The evidence provided fits into a larger picture: populists thrive on the current dissatisfaction with the euro and the alleged lack of democratic legitimacy of the European project driven by the institutions of the EU. Speaking of a ‘democratic federation of nation states’, Commission president José Manuel Barroso (Reference Barroso2012) recently tried to reclaim the ‘national’ from populist discourse. The examples he could have been referring to are numerous: from the Hungarian prime minister Victor Orban accusing the EU of ‘colonialism’ (Taylor Reference Taylor2012) to the Dutchman Geert Wilders placing anti-EU slogans at the heart of some of his electoral campaigns, not to mention the True Finns, who have defined the EU as a ‘heart of darkness’ (Der Spiegel 2011). However, all across the continent, the most dangerous threat emanating from populist discourse – and, more importantly, also from populist policies, which are fully consistent with the former – is not so much what is said about the relationship of nation states with the institutions of the EU, but rather the unrelenting erosion of the liberal consensus that has provided one of the foundations of the European project from its very start. Populists both thrive on this erosion and further contribute to it, as this article has shown. It is therefore not the ‘national’ that Barroso and the EU should reclaim but rather the ‘democratic’ in its liberal interpretation.

Acknowledgement

We are grateful to the other contributors to this special issue, as well as the editors, for their useful feedback on a previous draft of this article. We also wish to thank the following scholars, who have provided suggestions or references on specific countries to us: Anna Christmann, Clive Church, Franz Fallend, Reinhard Heinisch, Umut Korkut, Hanspeter Kriesi, Sarah de Lange, Wolf Linder, Paul Lucardie, Kurth Richard Luther, Duncan McDonnell, Ben Stanley, Adrian Vatter, Koen Vossen and Andrej Zaslove. We are, of course, solely responsible for any mistakes to be found in the text.

Footnotes

*

Daniele Albertazzi is Senior Lecturer in European Politics at the University of Birmingham. Contact email: d.albertazzi@bham.ac.uk. Sean Mueller is PhD candidate at the Centre for Swiss Politics, University of Kent. Contact email: s.mueller@kent.ac.uk.

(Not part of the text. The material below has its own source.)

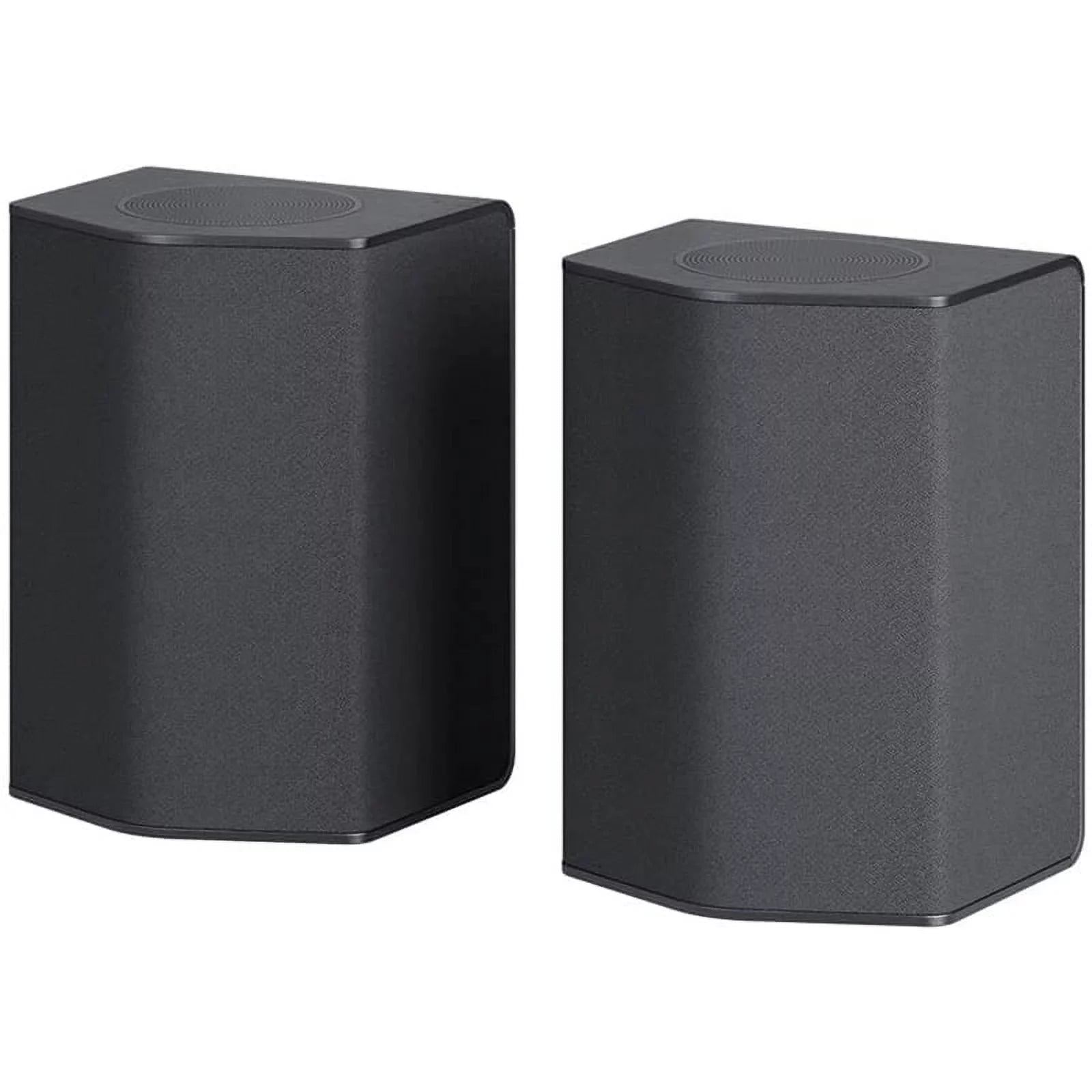 9.1.5 ch Sound Bar with Dolby Atmos J625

1 Opposition to the EU has been growing in recent years, also due to the campaigns launched by populists. When voters have been asked to approve either the (now abandoned) European Constitution, or the subsequent Lisbon Treaty, in 50 per cent of cases they have declined to do so, and Eurobarometer surveys show that support for EU membership has declined steadily across the continent since the beginning of the financial crisis (see http://ec.europa.eu/public_opinion/index_en.htm).

2 An added problem, of course, is that in real life majorities are variable.

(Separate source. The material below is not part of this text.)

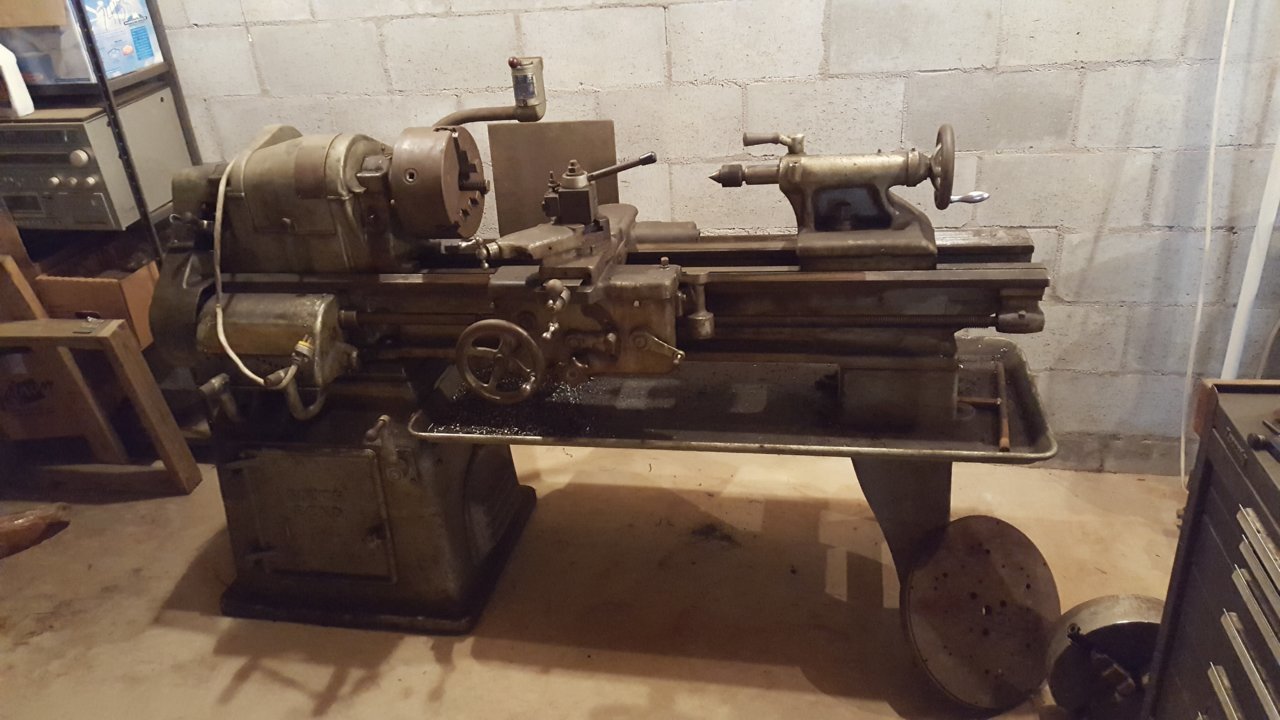 20161111_150748.jpg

3 This is why in mature liberal democracies the newly elected holders of executive positions feel the need to reassure voters immediately that they will exercise power in the interest of all, and not just those who supported them (for example, George W. Bush's and Barack Obama's acceptance speeches of, respectively, 2004 and 2008).

4 Measures severely limiting individual rights have been implemented at the local level by several Italian councils. These include the prohibition to marry for those who do not speak Italian, the prohibition to use languages other than Italian during public events, the closure of mosques, and others (Ambrosini Reference Ambrosini2012: 75–82).

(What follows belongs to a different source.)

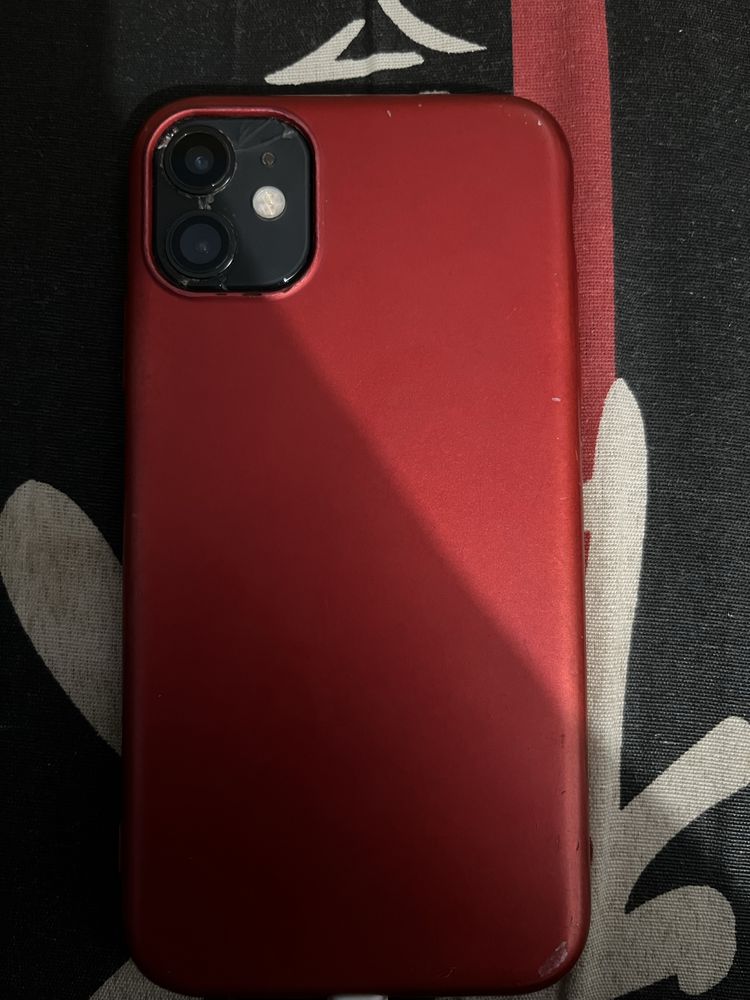 Iphone 11 забравена парола на айклауд и забравен ПИН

5 As Pulella (Reference Pulella2012) writes: ‘In 2010 the European Court of Human Rights ruled against Italy 53 times for violating the European Convention's article protecting the right to a fair trial, and 44 of those condemnations were for the excessive length of proceedings’.

6 According to the principle of ‘non-refoulement’, refugees should not be sent back to countries where their lives or rights could come under threat.

7 See ‘Sammelstart der Durchsetzungsinitiative’, official press release, at www.durchsetzungsinitiative.ch.